Dito de outra forma, o único contrato que pode ser qualificado como administrativo é o contrato de empreitada celebrado entre as duas RR [art.º 178.º/2/a) do CPA] mas a natureza pública deste contrato não foi comunicada às subempreitadas que o Autor acordou com a 1.ª Ré, ainda que nelas se possa ter referido que, nos casos omissos, se lhes aplicaria o disposto no DL 59/99, de 2/03.
Sendo assim, isto é, não tendo as relações jurídicas nascidas dos contratos celebrados entre o Autor e a 1.ª Ré a natureza administrativa nem podendo tais contratos ser qualificados como contratos administrativos é forçoso concluir que os Tribunais Administrativos carecem de competência para dirimir os litígios que deles possam emergir.
Em suma: não estando em causa no pleito descrito nas decisões em conflito qualquer relação jurídica administrativa, nem se vislumbrando no art. 4º do ETAF ou em qualquer outra norma a atribuição específica de competência à jurisdição administrativa para decidir sobre esta matéria, tal competência cabe, por força do disposto no art. 18.º n.º 1 da Lei de Organização e Funcionamento dos Tribunais Judiciais, a esta ordem judiciária.
Esta, de resto, tem sido a jurisprudência unânime deste Tribunal - vd. Acórdãos de 6/10/99, (proc. n.º 44905), de 29/03/2001 (proc. n.° 366), de 18/09/2007 (proc. 4/07), de 19/11/09 (proc. 18/09) e de 17/06/2010 (proc. 29/09).
Termos em que este Tribunal de Conflitos decide o presente conflito de jurisdição atribuindo aos Tribunais Judiciais competência para julgar a acção a que os autos se referem.».

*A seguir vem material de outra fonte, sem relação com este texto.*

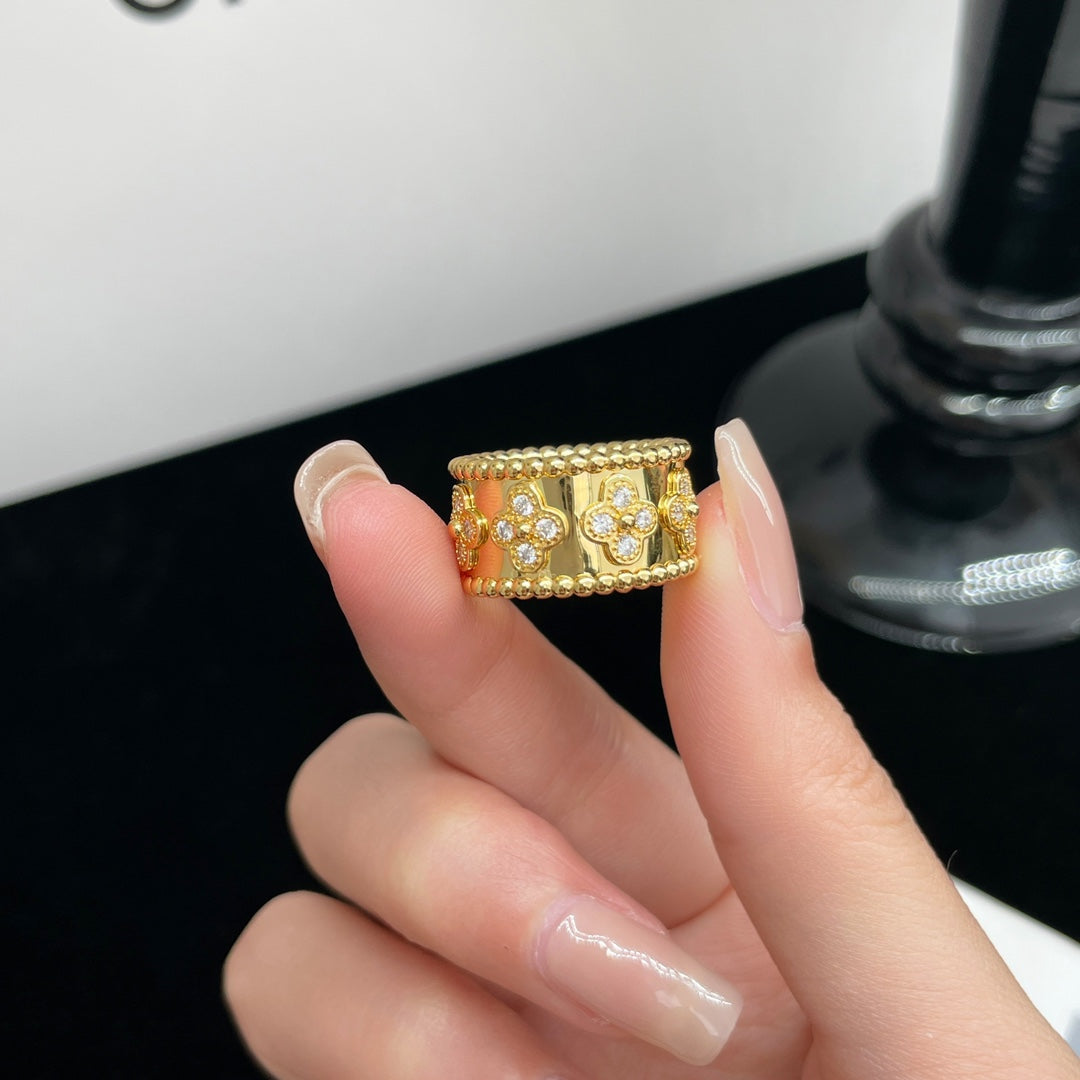 [Marin-Jewelry]PERLEE DIAMOND LARGE RING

Também, no caso em apreço assim acontece, sendo que no caso em apreço o disposto no art. 267º do RJEOP, como refere a recorrente, só por si não confere ao contrato de subempreitada natureza pública.

Motivo, por que, em nosso entender, o despacho saneador enferme de violação do art. 4º nº 1 al. f) do ETAF.
E, assim se decidindo, que fique prejudicado o conhecimento da parte da decisão que não admitiu a intervenção principal provocada da Massa Insolvente da T…


III – Pelo que, em face do exposto e em conclusão, emito parecer no sentido de ser dado provimento ao recurso, revogando - se o despacho saneador recorrido, substituindo - o por outro que julgue a jurisdição administrativa incompetente em razão da matéria para apreciar e decidir do mérito da presente causa.